AN UNASSUMING shop front on the corner of a Northwich road hides a racing cyclist who aims to help others ride to glory.

Dave Hinde is a frame and wheel builder based at the junction of Manchester Road and Hewitt Street, but his past and future are grounded firmly in racing.

His cycling career started when, as a 14-year-old a paperboy, he proved himself more than capable of keeping up with cycling club riders.

“I’ve never been a sports person and never done any other sport,” he said.

“It’s just that when I was a schoolboy I found that I was quite fast.

“A local club collared me and said I had better join a club – I had been out doing my paper round, saw the club going past training, got on my bike, caught them and got past.”

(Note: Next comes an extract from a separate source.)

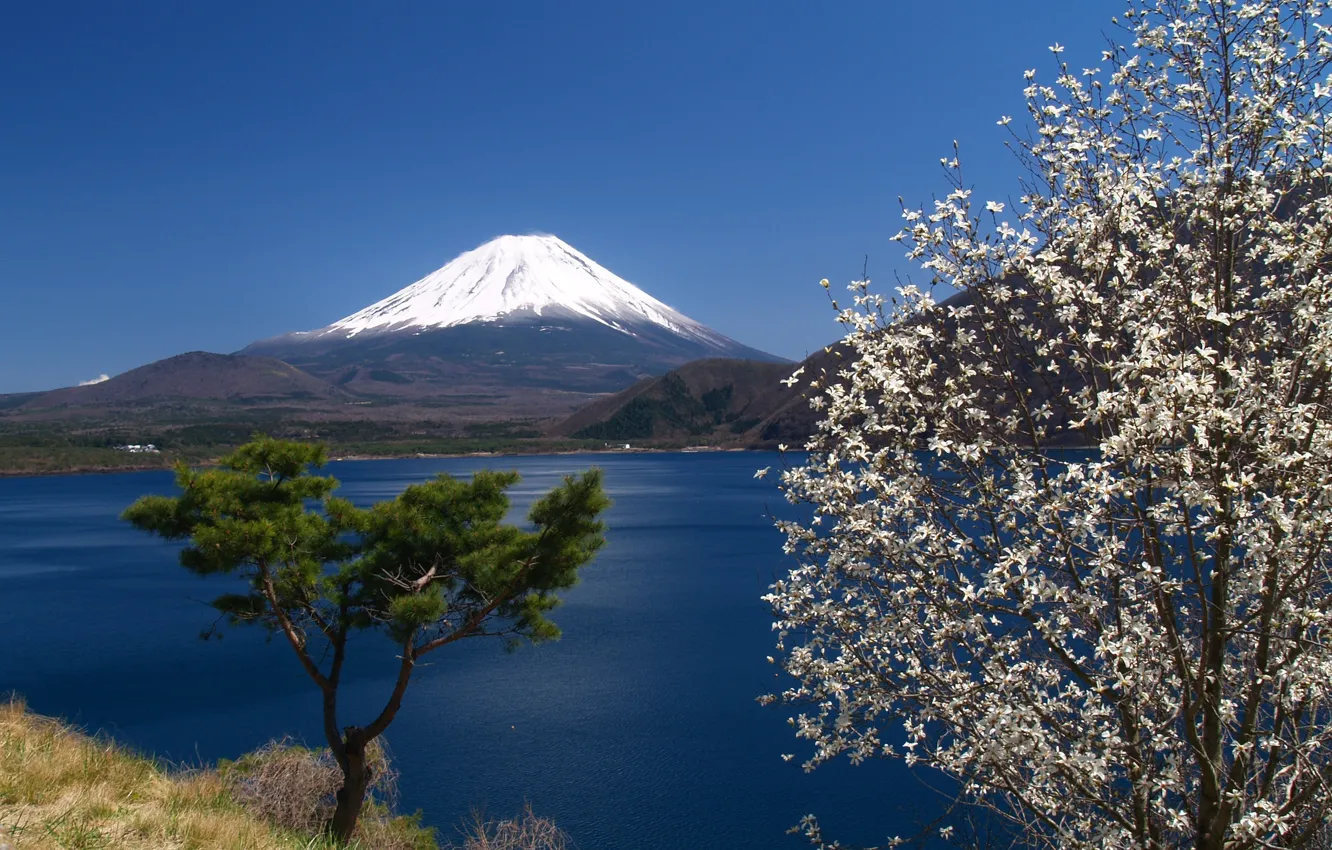Photo wallpaper the sky, mountains, Japan, Sakura, Fuji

He remembers his first ride out with his local club, based in Crewe, when he had no choice but to keep up.

“They were a tough bunch and don’t take any prisoners,” he said.

“As a schoolboy I went out training with them and people were getting dropped left, right and centre.

“I ended up with the fastest lad who was going hell for leather trying to drop me.

“He said ‘what’s going on’ because he couldn’t drop me and I said ‘I had to stop with you because I don’t know where I am’.”

But the experience never deterred him and he started racing when he was 15, coming second in his first time trial, the Altrincham Ravens 10.

He raced until he was 18 then took a break for nine years, returning to racing when he was 27 and continuing for a further 11 years.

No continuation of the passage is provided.